Bier Stube has operated in one form or another since 1966, a lifetime ago in terms of the pace of redevelopment endemic to Ohio State campus. Ownership has shifted over the years from sole and shared stints, starting with Doug Milsap’s tenure when he purchased the bar in 1979. Owner Craig Kempton serves as face of the Columbus dive bar today, working his way up from manning the Bier Stube door as a student in 1996 to taking over as co-owner in 2004. Kempton’s goals are clear, focused on maintaining the authenticity of one of Ohio State’s last remaining dives and keeping prices affordable amid shifting pressures and nearby competitors.
The space is a dive bar time capsule, the faded cinder block exterior giving way to an intricate piece of lattice work that serves as the partition between parking lot patio and wood panel dive bar paradise. A classic drop ceiling covers the Bier Stube, tile flooring underfoot, every other surface covered in often diagonal wood paneling, as prototypical a dive bar setup as there is.

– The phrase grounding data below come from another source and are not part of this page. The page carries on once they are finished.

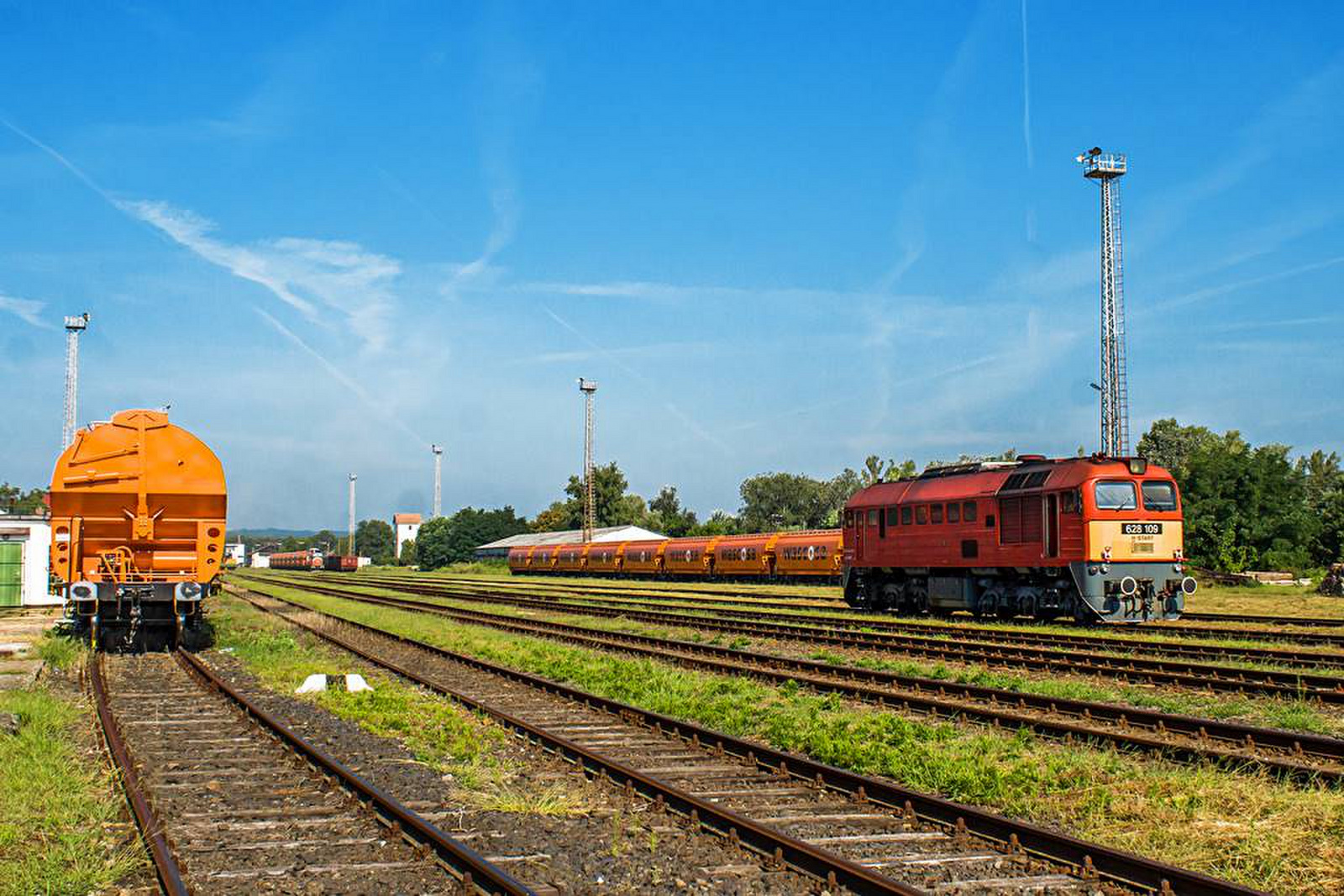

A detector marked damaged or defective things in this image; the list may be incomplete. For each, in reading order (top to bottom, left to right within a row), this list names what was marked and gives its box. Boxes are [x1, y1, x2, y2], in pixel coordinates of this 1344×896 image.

rusty railway track [84, 645, 534, 887]
rusty railway track [225, 584, 1263, 887]
rusty railway track [242, 574, 1344, 786]
rusty railway track [339, 571, 1344, 648] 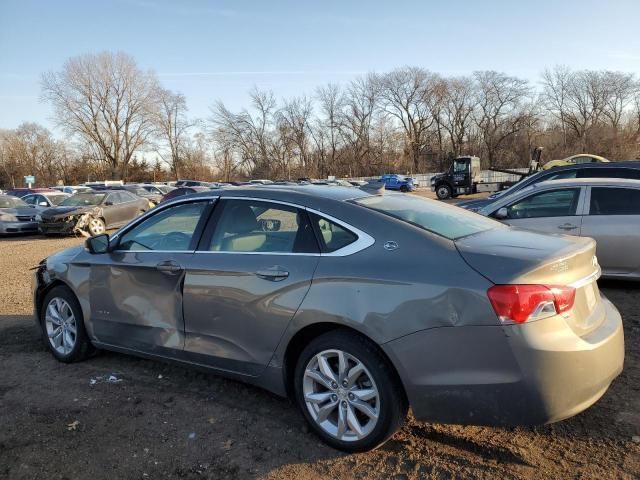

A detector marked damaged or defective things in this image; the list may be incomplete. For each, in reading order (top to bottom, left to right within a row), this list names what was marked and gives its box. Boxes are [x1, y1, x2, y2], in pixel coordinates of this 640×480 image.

wrecked vehicle [38, 190, 150, 237] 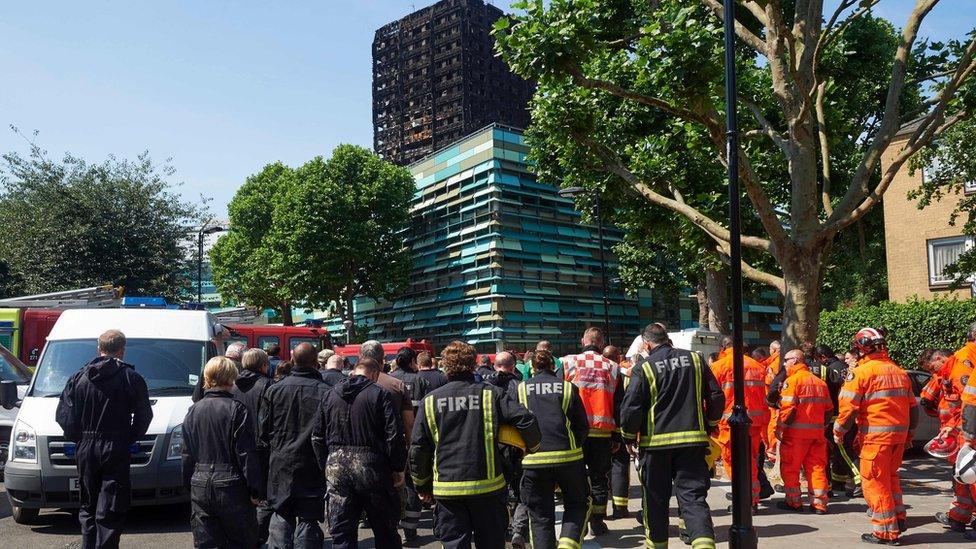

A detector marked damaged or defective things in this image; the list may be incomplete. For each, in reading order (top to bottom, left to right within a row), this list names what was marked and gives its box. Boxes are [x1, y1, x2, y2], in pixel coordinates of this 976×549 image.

burnt high-rise tower [372, 0, 532, 167] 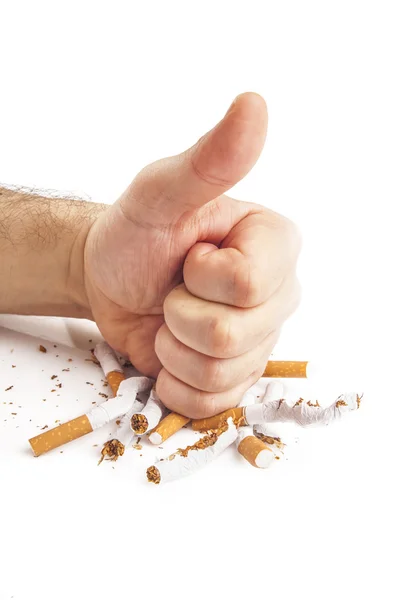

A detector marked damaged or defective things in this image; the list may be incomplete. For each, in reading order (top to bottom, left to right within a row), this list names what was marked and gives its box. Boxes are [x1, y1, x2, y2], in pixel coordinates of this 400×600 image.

The Bier Stube consists of a single room, a long row of small booths installed along the bar’s south wall, the wood paneling here etched and carved by decades of student visitors.
Thanks to its age and diversity of selection, the bar’s jukebox does a fine job of capturing the vintage nature of the Bier Stube, the music selection diverse and offered at the obscenely low rate of four songs per $1. The decorations here aren’t suffocating necessarily but they of course lean toward Ohio State artwork, a large portrait of Woody Hayes the most prominent visual element inside. There are no theme nights here, but there are communal events like celebrations for bartenders on a last shift or potlucks on major holidays, underscoring the friendly, neighborhood vibe.